The rhodafluor family. An initial study of potential ratiometric fluorescent sensors for Zn2+.

A new class of ratiometric Zn(2+) sensors that employ a hybrid fluorescein and rhodamine fluorophore has been designed, and two members of the rhodafluor family of sensors, RF1 and RF2, have been synthesized. The preparation of RF1 (9-(o-carboxyphenyl)-2-chloro-6-[bis(2-pyridylmethyl)amino]-3-xanthanone, Rhodafluor-1), uses conventional synthetic methods. Elaboration of the RF1 synthesis in an effort to enhance the Zn(2+) affinity was unsuccessful, so palladium-catalyzed aryl amination was applied to prepare RF2 (1-[9'-(o-carboxyphenyl)-6'-amino-2'-chloro-3'-xanthanone]-4,10-(diethyl)-7-(2-pyridylmethyl)-1,4,7,10-tetraazacyclododecane, Rhodafluor-2). The key step in the synthesis of RF2 is coupling of a triprotected tetraazamacrocycle (cyclen) to 3-bromoanisidine. RF2 binds Zn(2+) with a dissociation constant of 13.5 microM accompanied by an approximately 50% increase in quantum yield.
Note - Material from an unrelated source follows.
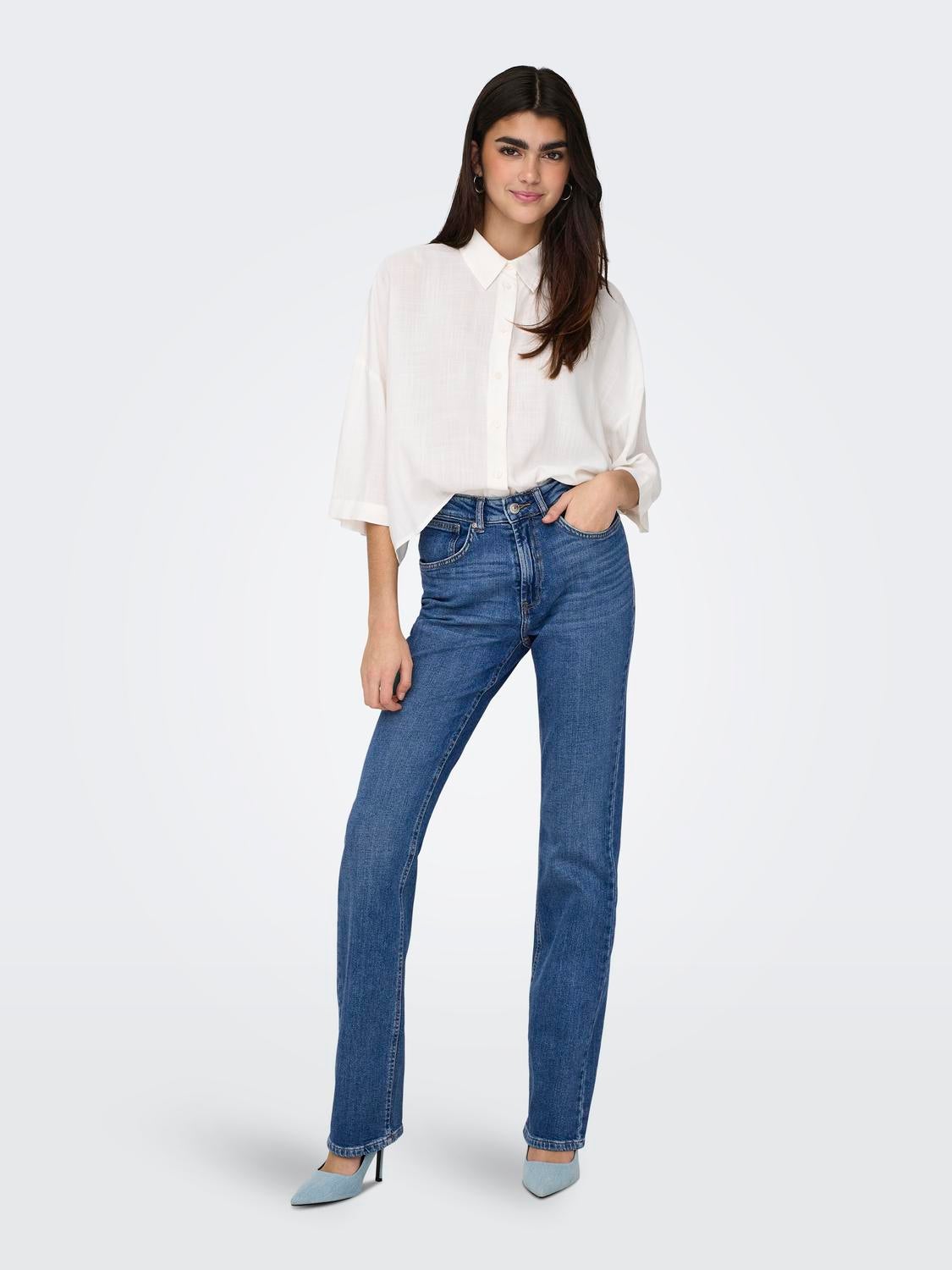 ONLEVERLY Mittlere Taille Ausgestellt Jeans Medium Blue Denim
Although only small shifts in absorption wavelength were observed, because protonation of the amino nitrogen atoms of the macrocycle prevents the uncomplexed sensor from adopting the desired mesomer, the intensity doubling makes the probe of value for immediate application in situations where our previous tight binding (<1 nM) sensors are inadequate.